A vice-presidente do Instituto Brasileiro de Direito da Família (IBDFAM), Maria Berenice Dias, desembargadora do Tribunal de Justiça do Rio Grande do Sul (TJ-RS), concorda com o deputado. “Isso é um avanço no sentido de que abandona uma interferência do Estado na vida das pessoas, que nos dias de hoje já não se justifica mais”, aponta.
A desembargadora ainda explica que o Judiciário não vai ter perda de verbas por perder uma etapa processual, já que, com a agilização das etapas, mais pessoas poderão ser atendidas.
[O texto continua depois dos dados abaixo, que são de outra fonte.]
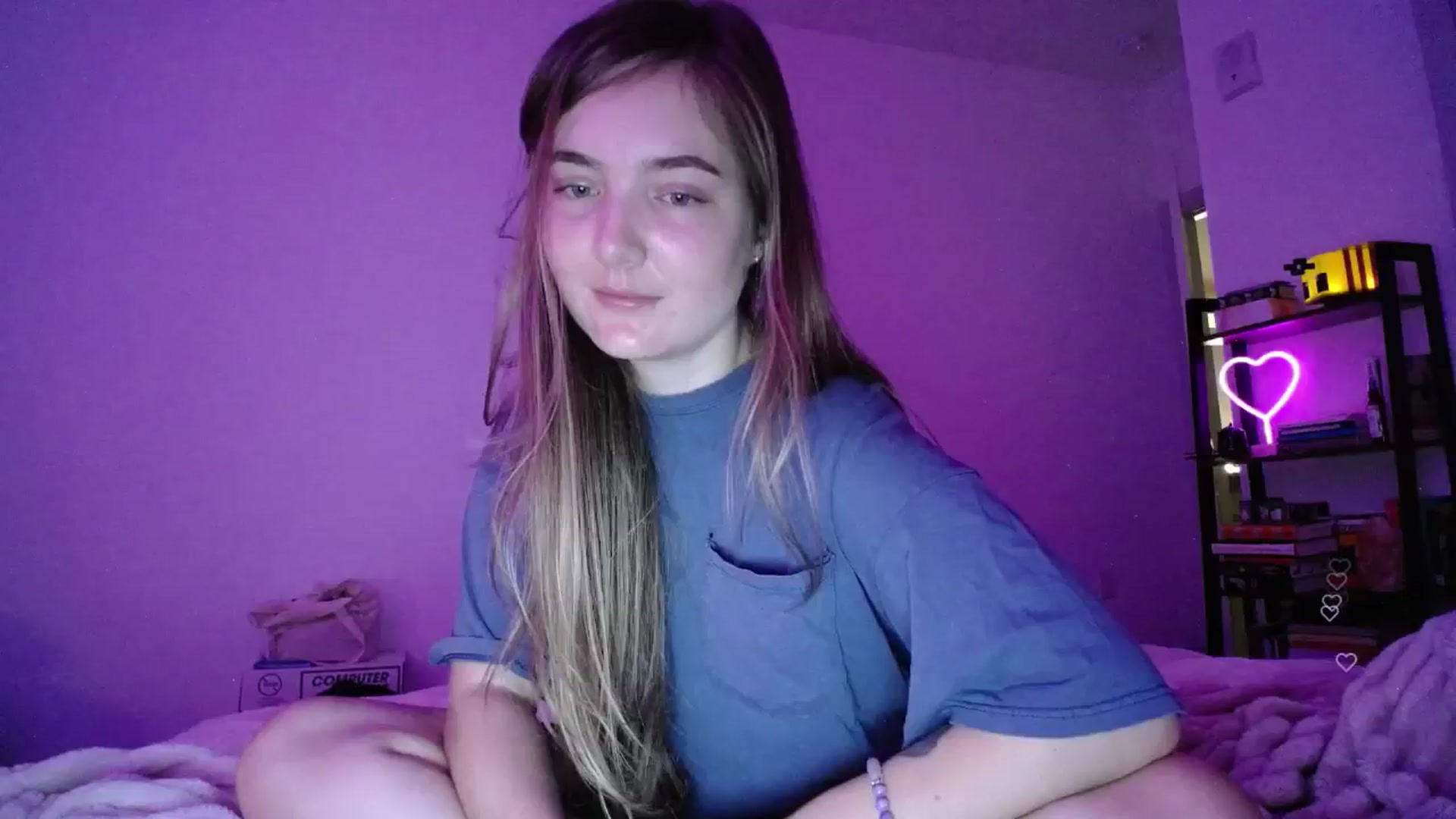 Gallery image thumbnail from Monica's myfreecams stream on, 10/05/2024, 01:30 image 3 of 20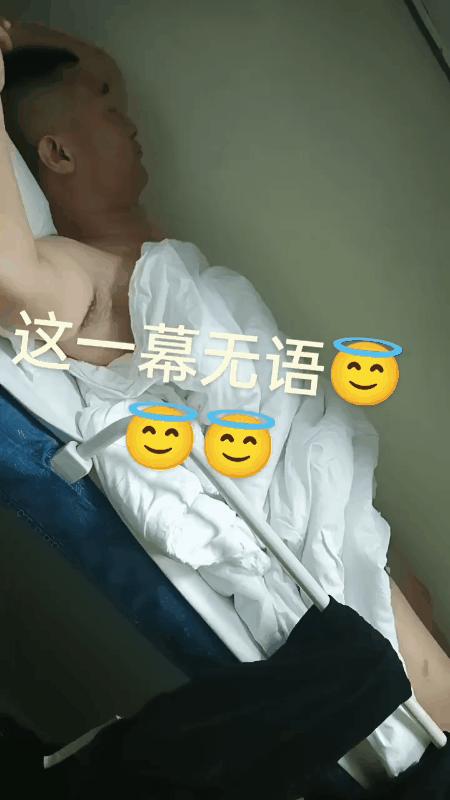 一男子竟然在卧铺车厢里脱光衣服裸睡？
这让旁边的女乘客看了非常的尴尬！
虽然说这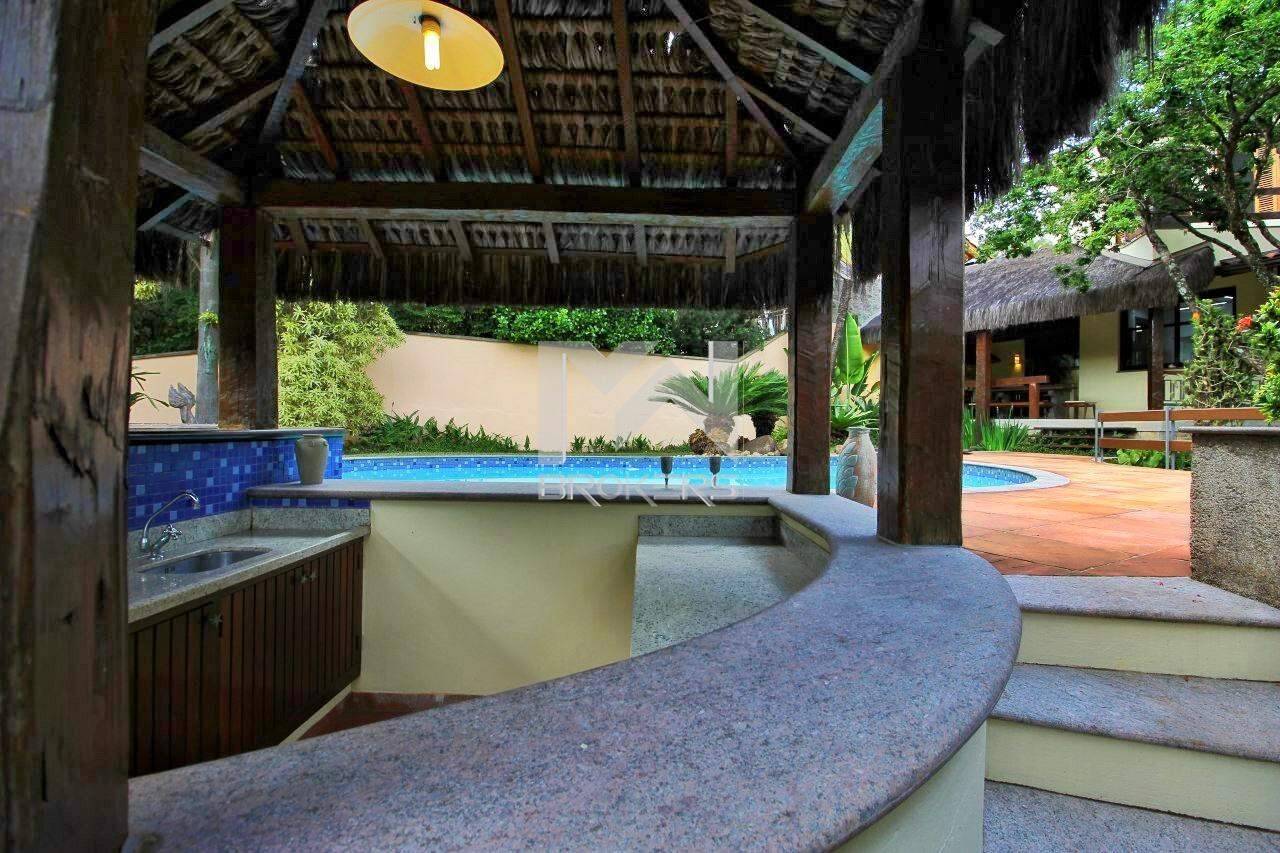 Casa em Condomínio para aluguel no Condomínio Marambaia: bar da piscina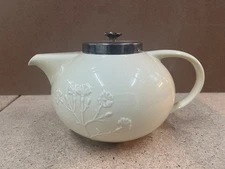 Villeroy & Boch The Tisane Tea Pot Pale Yellow Embossed Plant Silverplate Lid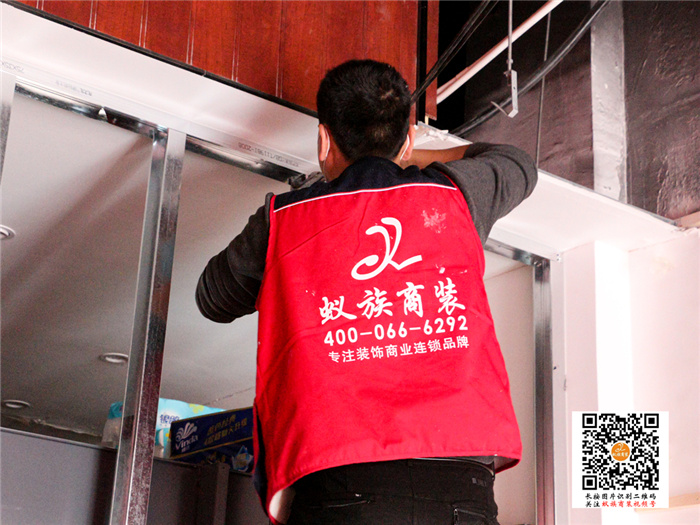 蟻?zhàn)迳萄b現(xiàn)場(chǎng)裝修施工圖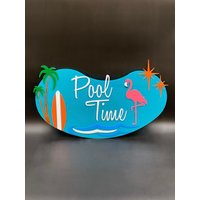 "Mitte Des Jahrhunderts Moderne "Badezeit" Schild | Palm Springs Wandkunst Kidneybohne Pool Retro Dekor Mcm Terrasse Atomic Avocado Designs® von AtomicAvocadoDesigns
O presidente da União Internacional dos Advogados, Paulo Lins e Silva, também acredita que a proposta tem apenas pontos positivos. “Grande parte dos países que possuem um direito de família avançado, já fazem o divórcio de forma imediata, sem ter que passar por nenhum tipo de separação anterior”, afirma. “Essa proposta vai estimular o desenvolvimento do direito de família no Brasil e, quem sabe, uma posterior reformulação do Código Civil nessa área”, completa o advogado.
Questão histórica
A atual Lei do Divórcio, de autoria do ex-senador Nelson Carneiro, fez 30 anos no último dia 15 de junho. Até 1977 prevalecia o Código Civil de 1916, que ditava que a sociedade conjugal só poderia ter um fim com o desquite, o que equivale à separação judicial.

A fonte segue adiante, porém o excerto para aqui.